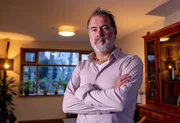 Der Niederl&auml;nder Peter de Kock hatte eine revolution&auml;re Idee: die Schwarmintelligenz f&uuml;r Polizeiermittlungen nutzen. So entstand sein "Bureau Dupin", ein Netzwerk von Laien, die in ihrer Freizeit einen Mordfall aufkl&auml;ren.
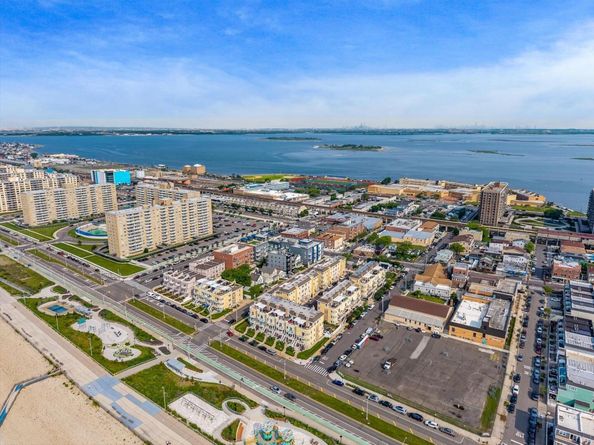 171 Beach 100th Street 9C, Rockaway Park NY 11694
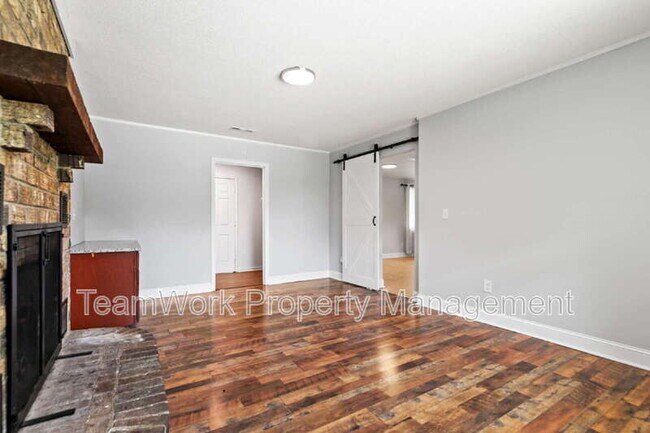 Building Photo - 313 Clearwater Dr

--------

Your task: Without any of its pictures, the listing is to be repeated exactly as it stands.

Solved exercise:
 Der Niederl&auml;nder Peter de Kock hatte eine revolution&auml;re Idee: die Schwarmintelligenz f&uuml;r Polizeiermittlungen nutzen. So entstand sein "Bureau Dupin", ein Netzwerk von Laien, die in ihrer Freizeit einen Mordfall aufkl&auml;ren.
 171 Beach 100th Street 9C, Rockaway Park NY 11694
 Building Photo - 313 Clearwater Dr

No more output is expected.